Het standpunt van de staatssecretaris dat Inmarsat kan worden verweten dat zij niet tijdig zelf maatregelen heeft genomen door te verhuizen of een andere frequentieband te gebruiken, volgt de voorzieningenrechter niet. Zelfs als er al een verwijt aan Inmarsat zou kunnen worden gemaakt, betekent dat niet dat dus de nood-, spoed- en veiligheidscommunicatie in een groot deel van de wereld in gevaar mag worden gebracht.

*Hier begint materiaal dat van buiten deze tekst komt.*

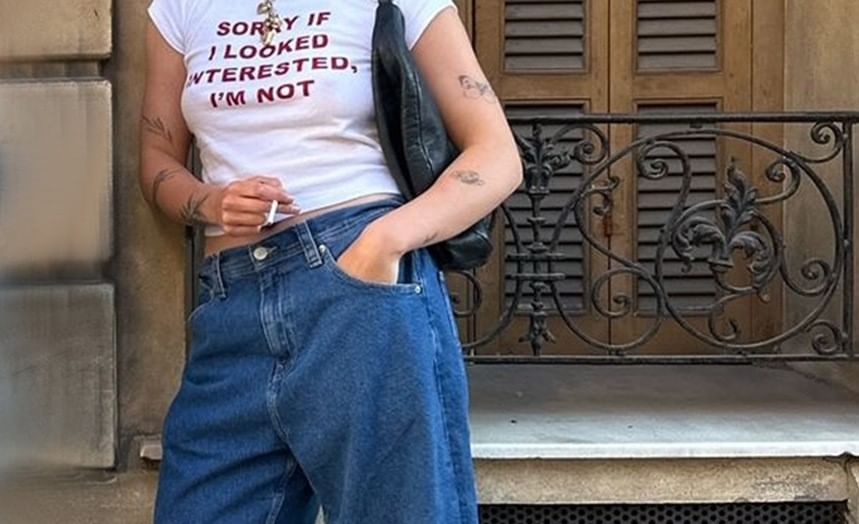 Waist Low Shorts Washed Pocket Denim Straight-Leg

Een door de staatssecretaris in haar besluit aangekondigd onderzoek en overleg met marktpartijen had volgens de voorzieningenrechter voor het nemen van dat besluit moeten plaatsvinden. De door de staatssecretaris uitgesproken bereidheid ‘te bezien in hoeverre aanleiding bestaat voor nadeelcompensatie en over het aanvragen daarvan in gesprek te gaan’ neemt de onzorgvuldige voorbereiding van het bestreden besluit niet weg. Die bereidheid of zelfs ‘een zak geld’ betekenen namelijk niet dat met het besluit de nood-, spoed- en veiligheidscommunicatie in gevaar mag worden gebracht. De verwezenlijking van dat gevaar laat verweerder ten onrechte geheel voor rekening van Inmarsat komen.
De voorzieningenrechter dringt erop aan dat verweerder spoedig in overleg gaat met Inmarsat en andere partijen om tot een oplossing te komen die de nood-, spoed- en veiligheidscommunicatie waarborgt. Als geen oplossing wordt gevonden, acht de voorzieningenrechter de kans groot dat de rechtbank het bestreden besluit in de hoofdzaak zal vernietigen. Daarom schorst hij het besluit van de staatsecretaris tot die uitspraak in de hoofdzaak.
De hoofdzaak zal voor het einde van het jaar op een zitting worden behandeld.